## DATA IN THIS EXERCISE

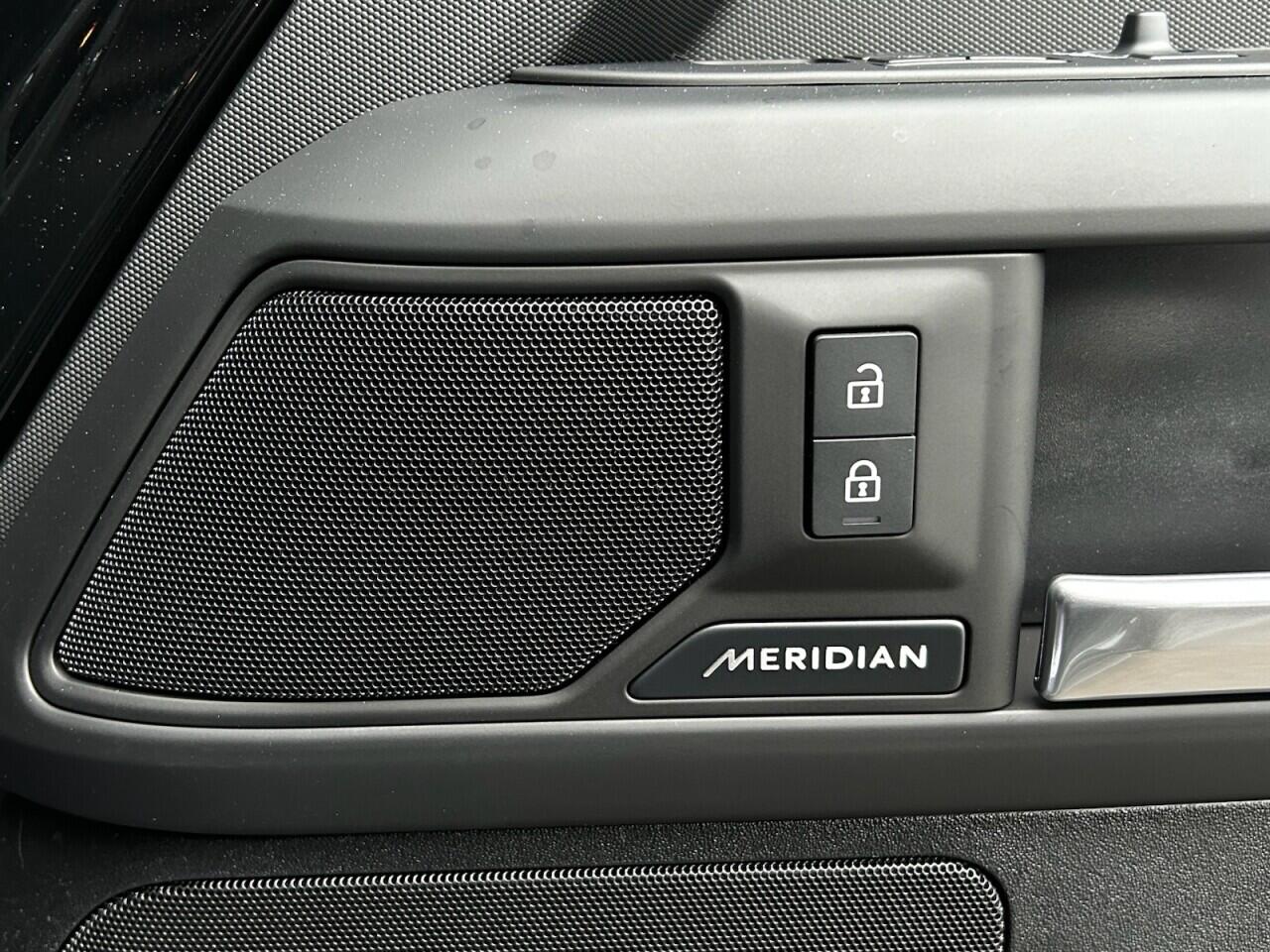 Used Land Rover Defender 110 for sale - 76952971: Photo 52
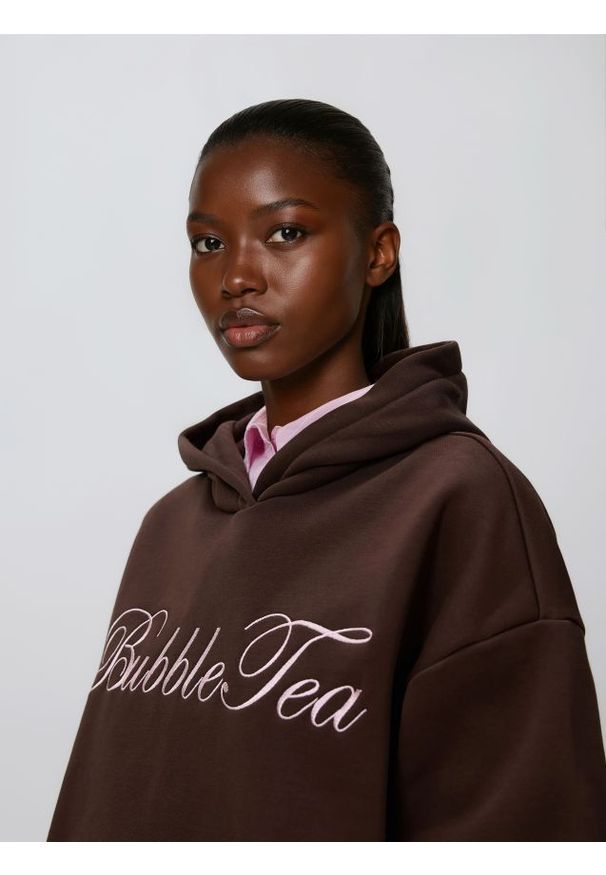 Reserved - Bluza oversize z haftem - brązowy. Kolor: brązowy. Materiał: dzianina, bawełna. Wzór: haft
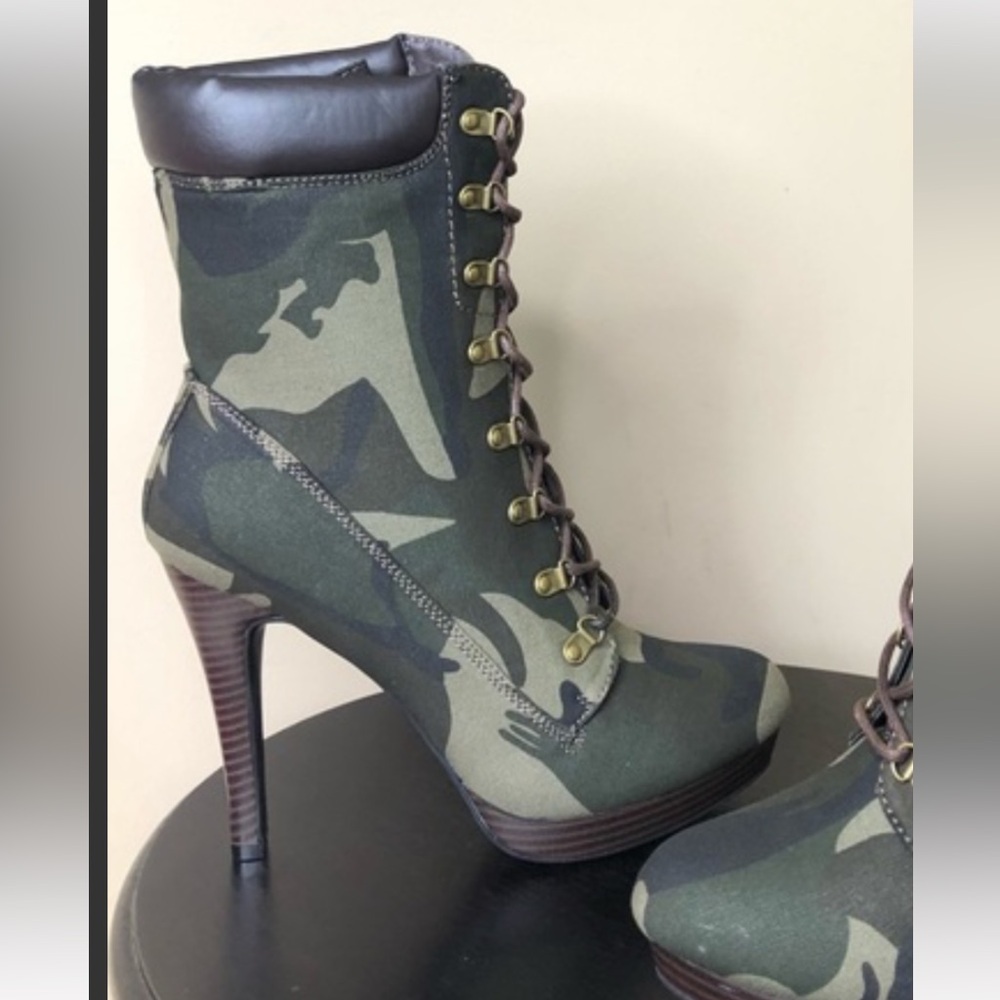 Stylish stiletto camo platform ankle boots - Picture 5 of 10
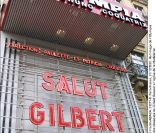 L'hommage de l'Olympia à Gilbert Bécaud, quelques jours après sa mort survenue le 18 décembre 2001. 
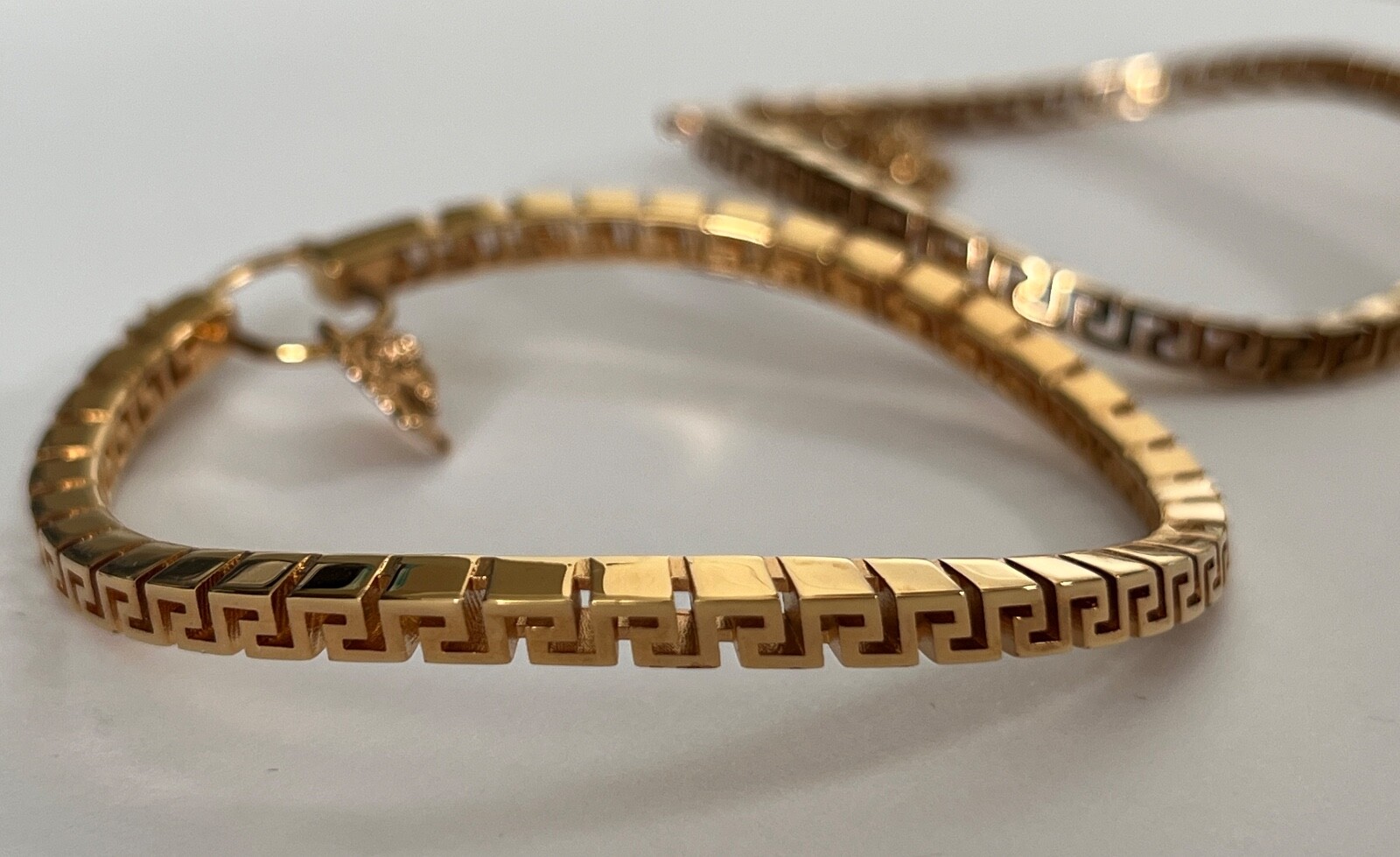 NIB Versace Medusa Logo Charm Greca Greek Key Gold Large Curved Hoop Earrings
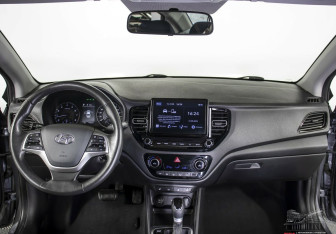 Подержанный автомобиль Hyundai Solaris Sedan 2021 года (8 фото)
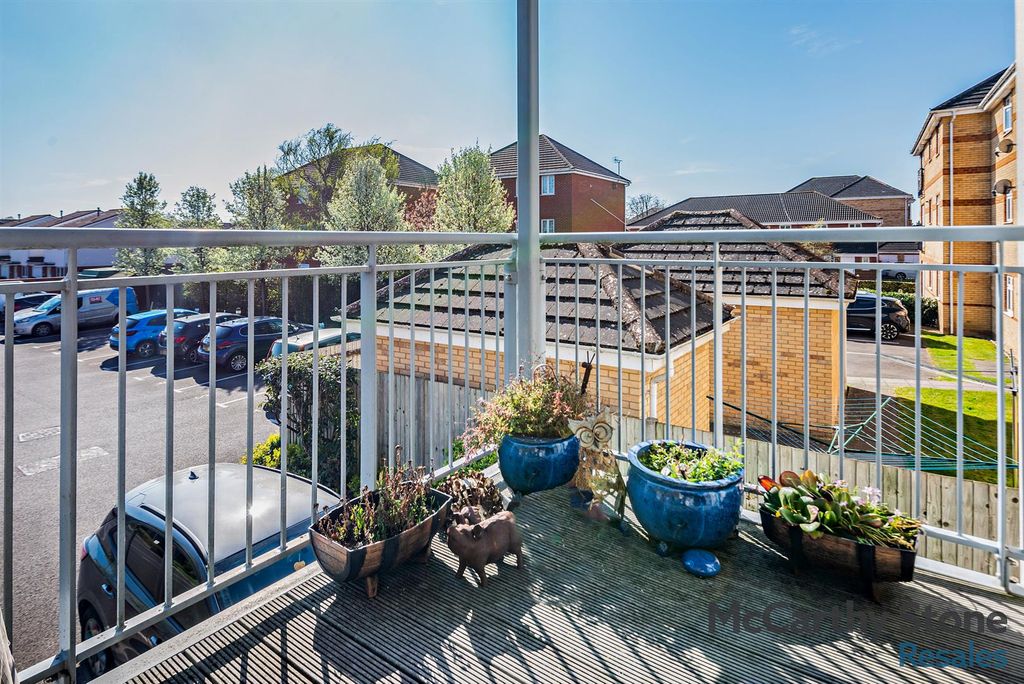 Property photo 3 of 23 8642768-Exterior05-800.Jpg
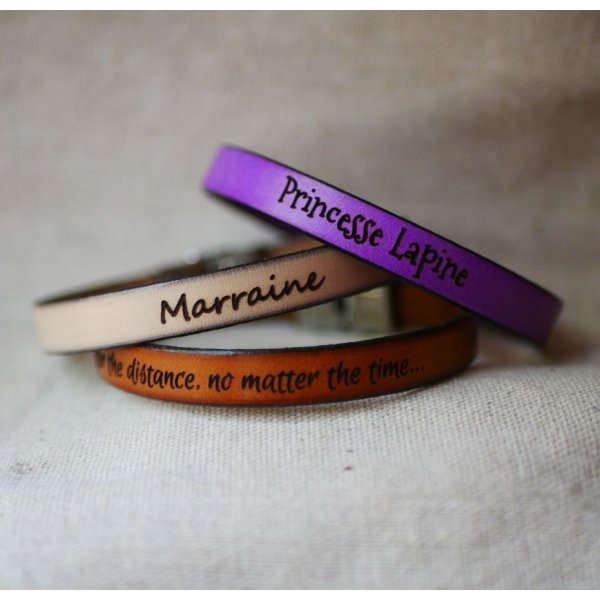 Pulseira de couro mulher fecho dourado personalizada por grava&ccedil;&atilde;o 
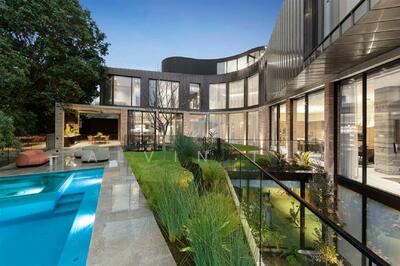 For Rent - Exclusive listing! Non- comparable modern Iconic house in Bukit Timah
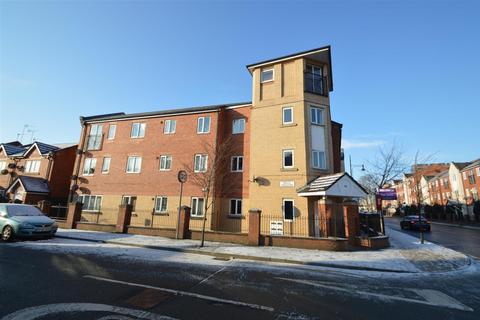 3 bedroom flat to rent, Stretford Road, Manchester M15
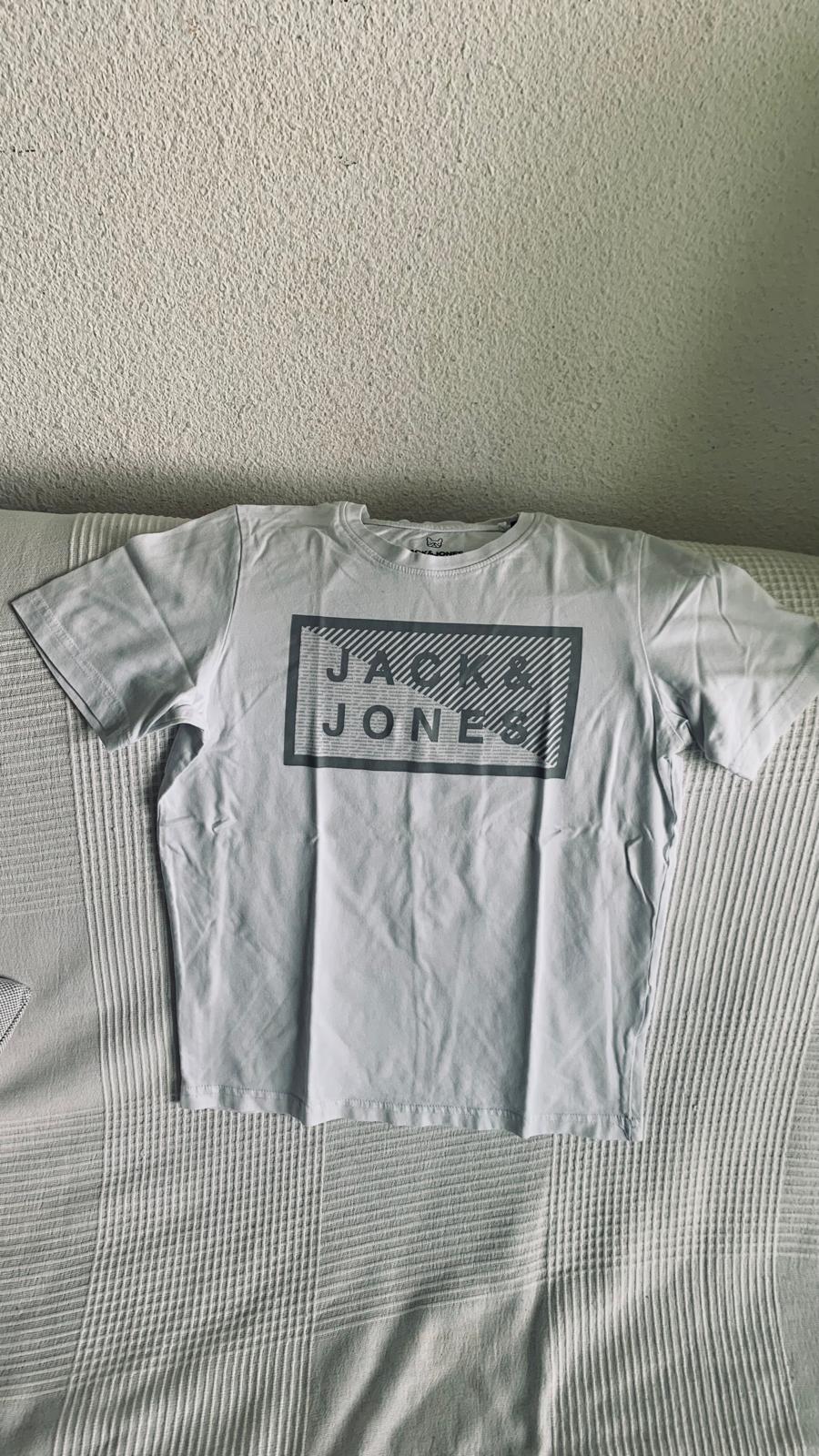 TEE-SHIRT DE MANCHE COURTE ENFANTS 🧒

## TASK ITEM
Print the material precisely as given, dropping any images it holds.

## OUTPUT FOR THIS EXERCISE
 Used Land Rover Defender 110 for sale - 76952971: Photo 52
 Reserved - Bluza oversize z haftem - brązowy. Kolor: brązowy. Materiał: dzianina, bawełna. Wzór: haft
 Stylish stiletto camo platform ankle boots - Picture 5 of 10
 L'hommage de l'Olympia à Gilbert Bécaud, quelques jours après sa mort survenue le 18 décembre 2001. 
 NIB Versace Medusa Logo Charm Greca Greek Key Gold Large Curved Hoop Earrings
 Подержанный автомобиль Hyundai Solaris Sedan 2021 года (8 фото)
 Property photo 3 of 23 8642768-Exterior05-800.Jpg
 Pulseira de couro mulher fecho dourado personalizada por grava&ccedil;&atilde;o 
 For Rent - Exclusive listing! Non- comparable modern Iconic house in Bukit Timah
 3 bedroom flat to rent, Stretford Road, Manchester M15
 TEE-SHIRT DE MANCHE COURTE ENFANTS 🧒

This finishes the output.